The selection criteria for all of the awards are excellence, innovation, and enhancement of the quality of life.  Individual candidates must be citizens or long-term residents of the United States and have been practicing design for at least 7 years.  Corporations and institutions must have their headquarters in the United States.  Honorees are selected for a body of realized work, not for any one specific project.

Candidates are proposed by an official Nominating Committee and are invited to submit materials for a jury's review.  Submissions consist of resumes, portfolios, publications by and about the candidates, and professional-quality audio-visual samples.

Jury

The jurors are chosen by the museum based on their prominence and expertise in the design world.  Once selected, jurors are briefed on the Museum mission and criteria for the Awards.  Decisions are asked to be based on the core criteria: excellence, innovation, and contribution to the quality of life.

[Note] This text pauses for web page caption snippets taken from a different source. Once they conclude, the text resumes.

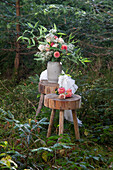 Bouquet of summer roses (cosmos) and gypsophila on wooden stool in the garden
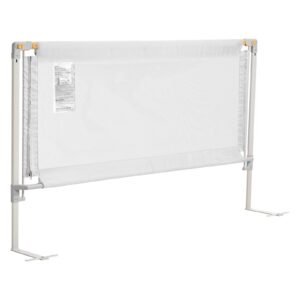 Toddler Bed Rail, Kids Beds Guard Rail with Reinforced Iron Pipe and Oxford Cloth, Adjustable Height Bed Side Railing, Portable Guard Bumper Barrier for Crib, Bunk, 59.06 x 35.04 in, 1 Piece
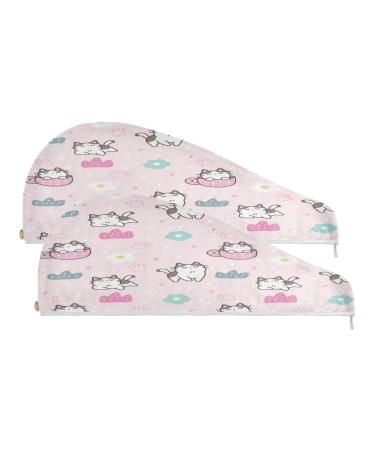 Pink Cartoon Cat Dry Hair Cap 2 Piece Quick Drying Towel Set with Button Headband Super Absorbent Soft & Comfortable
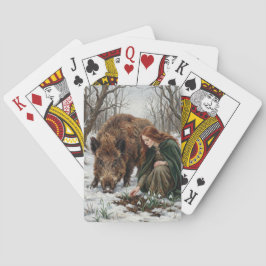 Keltische godin & wild zwijn pokerkaarten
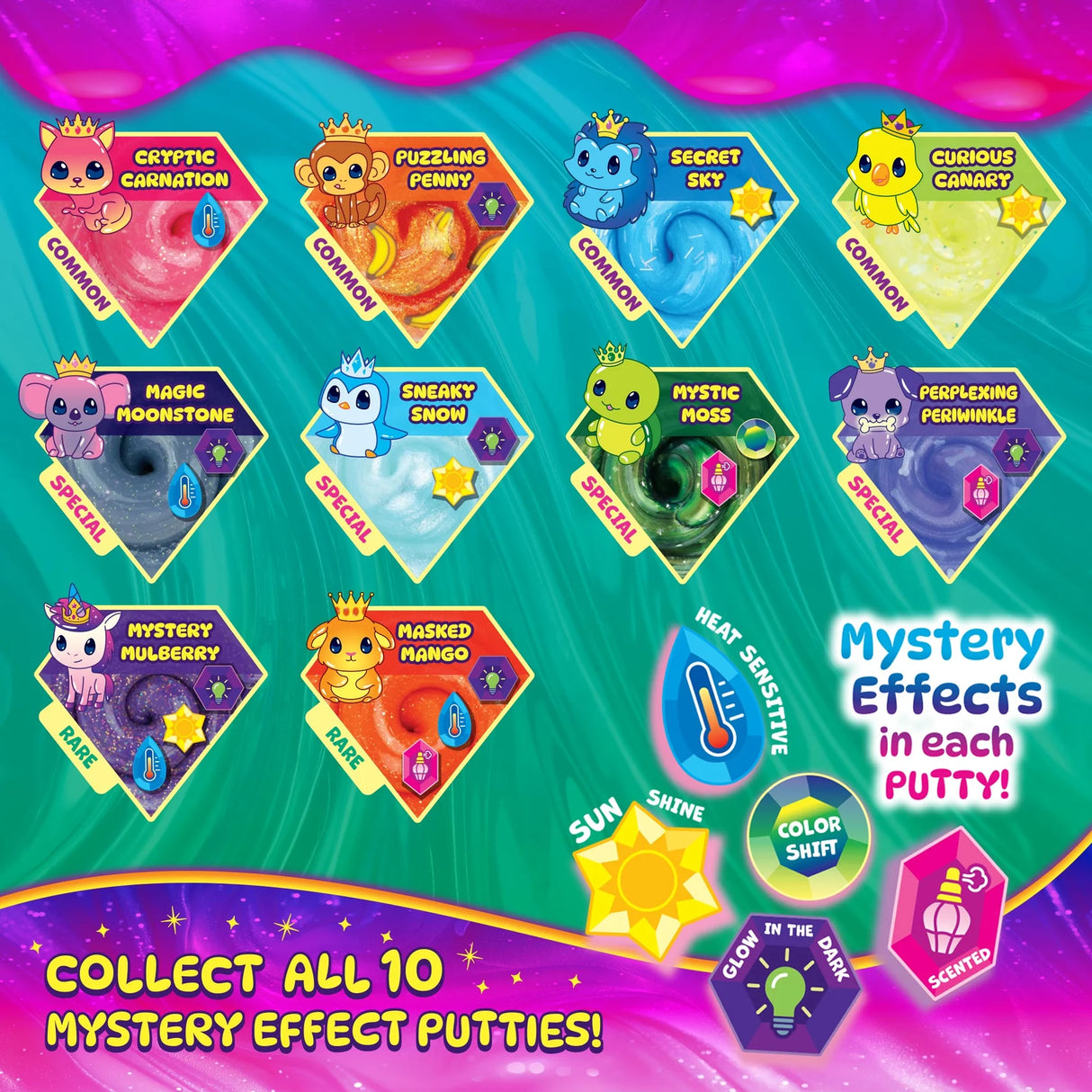 Colorful display of 10 Treasure Reveal Thinking Putty designs with unique mystery effects and playful character icons on each label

Museum staff does not enter into the selection process.

The jury meets over a two-day period to thoroughly review every submission.  The submissions are assessed in terms of the work's relationship to and impact on contemporary life.  Special emphasis is placed on the extent to which the nominee's designs and achievements have benefit the general public.

Purpose

The annual Awards program celebrates design in various disciplines as a vital humanistic tool in shaping the world, and seeks to increase national awareness of design by educating the public and promoting excellence, innovation, and lasting achievement.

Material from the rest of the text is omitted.